Both we, our customers, our markets, our worlds are getting more and more complex. We face rapid change/disruption, overwhelm/overload, risk/uncertainty, turmoil, constantly shifting focus/priorities/agendas.
In the face of this, we struggle to respond, whether it’s to fix performance problems, address new opportunities, grow and expand.
As leaders and business professionals, we must constantly seek to simplify things. Whether it’s helping our customers better understand and address their own challenges and opportunities, or simplifying how things get done within our own organizations. Constant focus on simplification enables us to achieve our goals, as well as increasing our effectiveness and efficiency.

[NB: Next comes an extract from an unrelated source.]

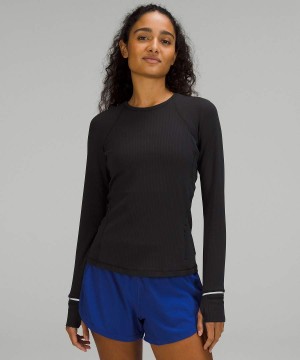 Lululemon It's Rulu Räfflad Långärmad Tröja Dam Svarta Sverige | PRXCKZ695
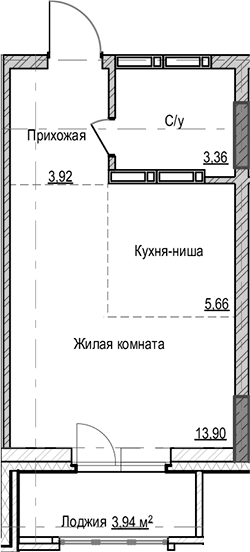 Планировка студия 26.84 м² в ЖК «Чацкий»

But, often, we make a major mistake. We confused simplification with simplistic. They are different and lead to very different outcomes.

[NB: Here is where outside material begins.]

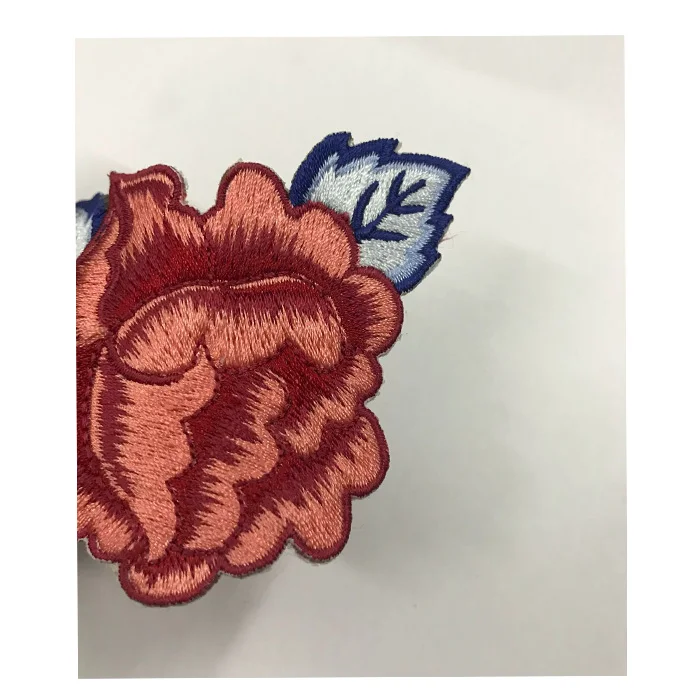 Custom 3D Flower Red Rose embroidery patches applique embroidery flower patches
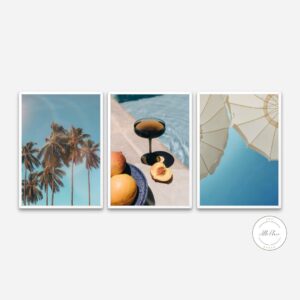 Summer Coastal Set of Three Prints DIGITAL DOWNLOAD ART PRINTS, pastel beach print, palm tree print, sky blue print set, cocktail poster, relaxing pool | Posters, Prints, & Visual Artwork | art for bedroom, art ideas for bedroom walls, art printables, bathroom wall art printables, beach art for wall, beach canvas art, beach wall art, beach wall decor, beachy wall art, beachy wall decor, bedroom art, bedroom pictures, bedroom wall art, bedroom wall art ideas, bedroom wall painting, buy digital prints online,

When we simplify, we recognize complexity and the interrelationship, inter connectivity between things. We do this by thinking in systems and models. Trying to understand the interrelationships between things, recognizing the tradeoffs we make in choosing certain courses of action. We try to balance our approaches in the face of the complex interactions between things. We recognize things are constantly shifting, and that we must be attentive to these shifts, adapting what we do in real time. We recognize we won’t be perfect, though we strive for perfection, we recognize that often, “just good enough,” is just good enough.
But when we succumb to simplistic thinking, we focus on “the solution.” We believe there is one thing, if we get that right, it will solve all our problems, ignoring the impact on everything else.

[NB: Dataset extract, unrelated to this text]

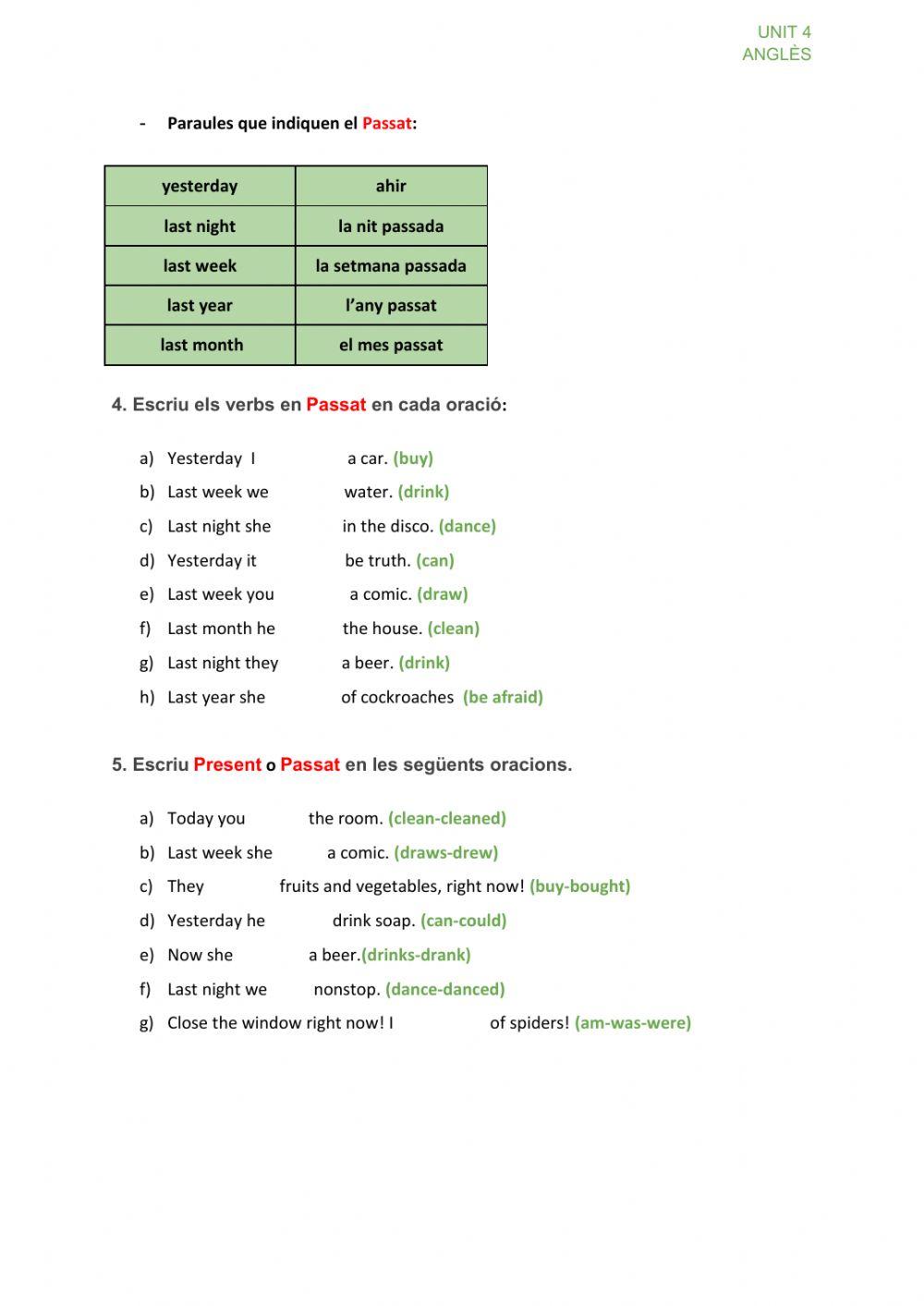 Present and past verbs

We think that prospecting is our fix to sales performance and pipeline problems, ignoring our win rates, sales cycle, deal sizes and deal strategies.
We think volume and velocity are the solutions to meeting our numbers.
We think scripting and driving zero variation in customer engagement solves all problems.
We develop rigid processes and manage execution to those processes.
We look for the ideal tool that gives us the answer to working with customers, believing AI/ML is the secret sauce to success.
Simplistic solutions don’t work–at least on a sustained basis. They may be band-aids that address an immediate issue, but are never sustainable.
Simplistic solutions tend to ignore the inter-connectedness of everything we do, and the dynamic nature of complex systems. With simplistic solutions, we tend to be blind to or purposefully ignore the reality we face.
We must always strive to simplify, but we can never succumb to simplistic.